VIPsight - November 2010



Hochtief versus ACS

Spanish construction group ACS, currently holding 29.98% of German construction giant Hochtief, is to raise its holding, initially to over 30% and in the immediate term to up to 50%. So far the Spaniards are offering eight ACS shares in exchange for five securities of the MDAX company. This means the offering has a value of €2.7 billion. The Essen company initially made political appeals: Hochtief had to be rescued because ACS had for years been spoon-fed with EU subsidies, meaning German money too. While German chancellor Angela Merkel (CDU) turned this down, the SPD jumped on the wagon and is now calling for the Takeover Act to be amended so that even after the 30% threshold is passed a compulsory bid becomes due if holdings are expanded. Merkel instead offered practical help, mediating talks with Qatar’s Minister for the Economy. The Emirate, speculates Der Spiegel, is to be recruited as an investor, making it a white knight. As a poison pill, Hochtief is also contemplating a capital increase that would dilute the ACS holdings and make it more expensive for ACS to come in.

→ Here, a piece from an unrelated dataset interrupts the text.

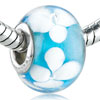 White  Four   Leaf   Clover  Murano Glass European Beads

Additionally, the Essen company has asked Australian stock exchange regulators to look into whether ACS ought not to make a bid for the shares of Hochtief’s profitable and valuable subsidiary Leighton, in which the Hochtief holding is 54%. The approach was initially turned down. After Leighton itself asked ACS for a separate bid for 45% of its shares, the decision on this is now before the so-called takeover panel. If this body calls for a compulsory bid for Leighton, the whole takeover would be €3 billion more expensive, so that it would probably collapse. In the meantime, in November the Spaniards are intending to decide a capital increase by up to 50% of share capital, to stock up their war chest. The Federal Institution for financial services oversight (BaFin) has now ordered that a definitive offer by ACS to Hochtief shareholders must be made by the end of January 2011, not before.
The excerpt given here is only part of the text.